### Material provided ###

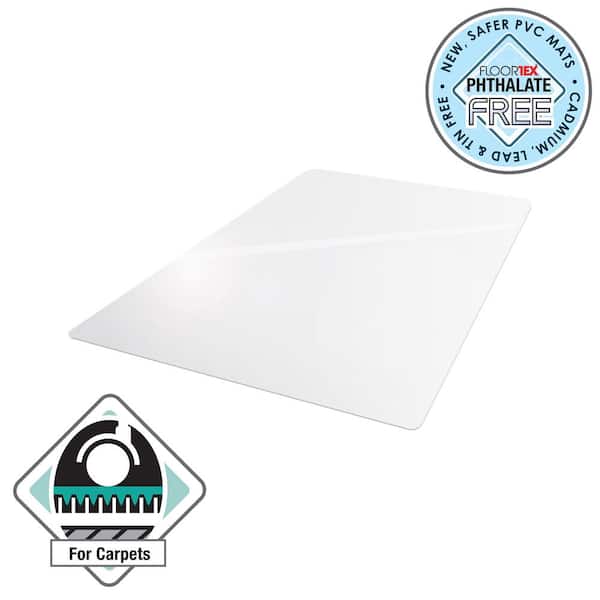 Advantagemat Clear 48 in. x 60 in. Vinyl Rectangular Indoor Chair Mat for Carpets up to 3/8 in.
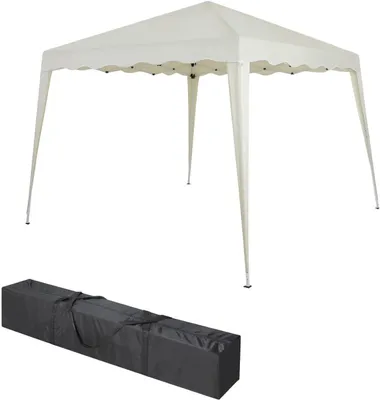 Produktbild von Faltpavillon 3x3m wasserdicht mit UV-Schutz & Tragetasche – Pop-Up Pavillon für Garten, Camping, Markt, Partyzelt, inkl. Zubehör - Creme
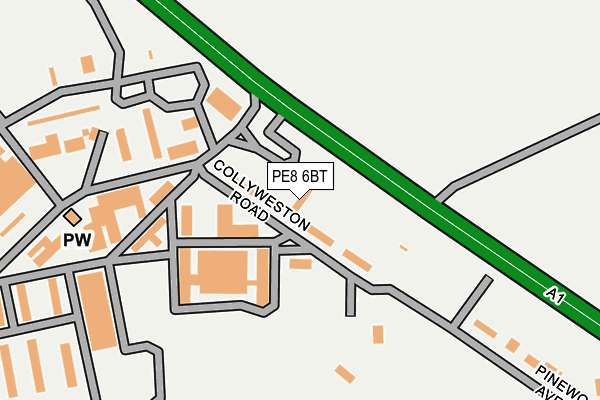 PE8 6BT map - OS OpenMap – Local (Ordnance Survey)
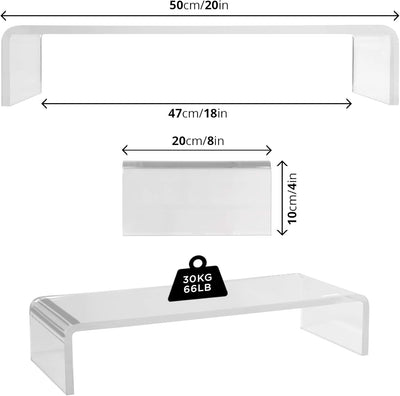 Duronic DM053 Monitorständer | 50 x 20 cm Acrylglasplatte | Bis 30 kg | Ergonomischer Bildschirmstän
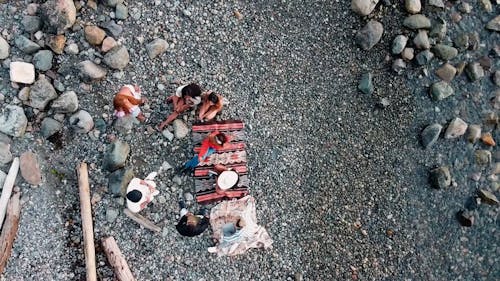 Aerial Footage of People Hanging Out at the Beach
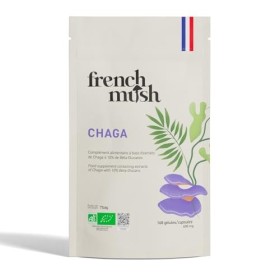 Doypack Chaga Champignon Bio - 168 Gélules Vegan - Super Aliment Antioxydant, Tonus - Riche en Vitamines B, D et K- Chaga Mus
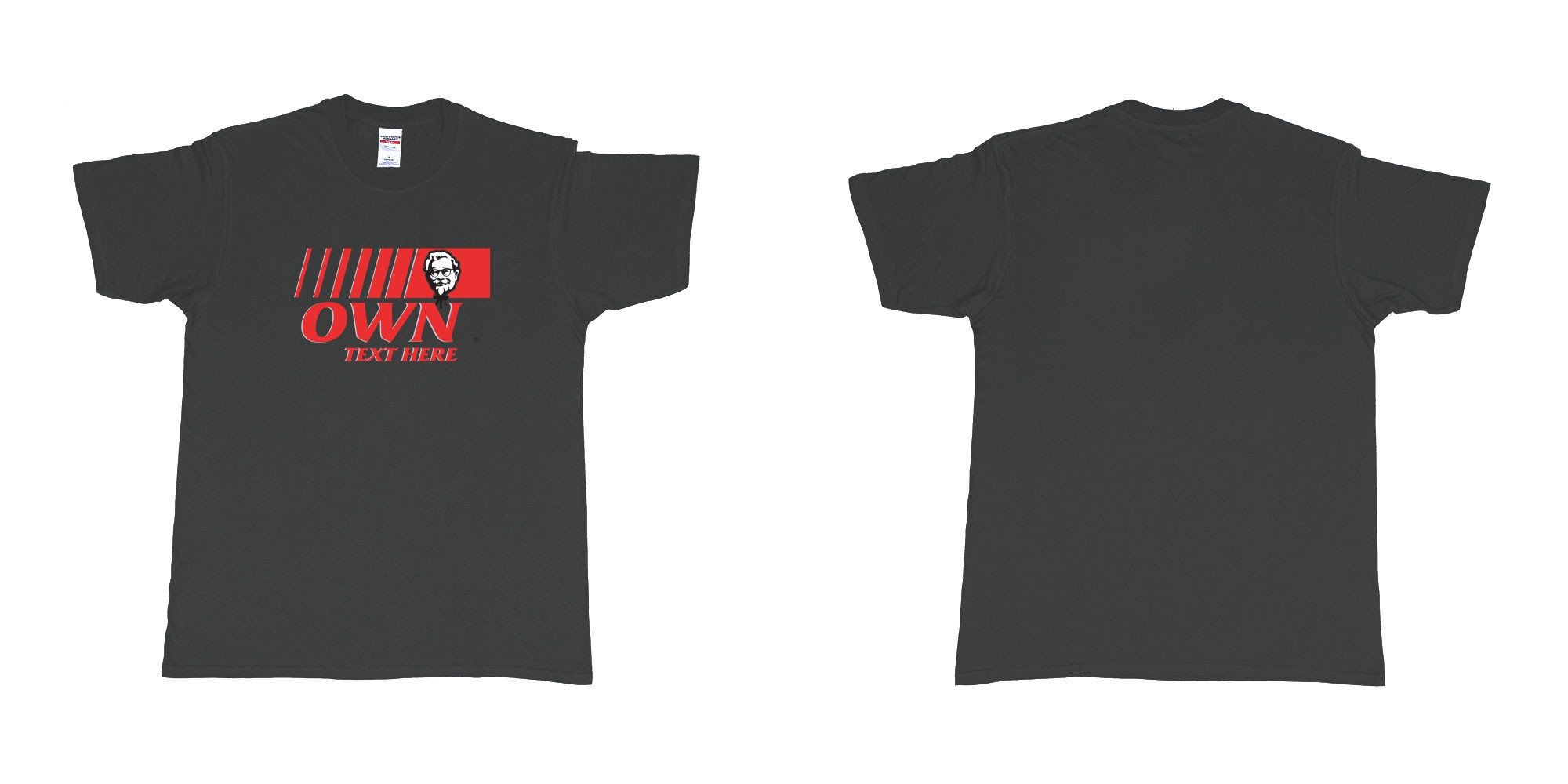 Custom tshirt design KFC in fabric color black choice your own text made in Bali by The Pirate Way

###

* [Assignment]
Reproduce every entry word for word, but skip any pictures.

* [Solution for this task]
 Advantagemat Clear 48 in. x 60 in. Vinyl Rectangular Indoor Chair Mat for Carpets up to 3/8 in.
 Produktbild von Faltpavillon 3x3m wasserdicht mit UV-Schutz & Tragetasche – Pop-Up Pavillon für Garten, Camping, Markt, Partyzelt, inkl. Zubehör - Creme
 PE8 6BT map - OS OpenMap – Local (Ordnance Survey)
 Duronic DM053 Monitorständer | 50 x 20 cm Acrylglasplatte | Bis 30 kg | Ergonomischer Bildschirmstän
 Aerial Footage of People Hanging Out at the Beach
 Doypack Chaga Champignon Bio - 168 Gélules Vegan - Super Aliment Antioxydant, Tonus - Riche en Vitamines B, D et K- Chaga Mus
 Custom tshirt design KFC in fabric color black choice your own text made in Bali by The Pirate Way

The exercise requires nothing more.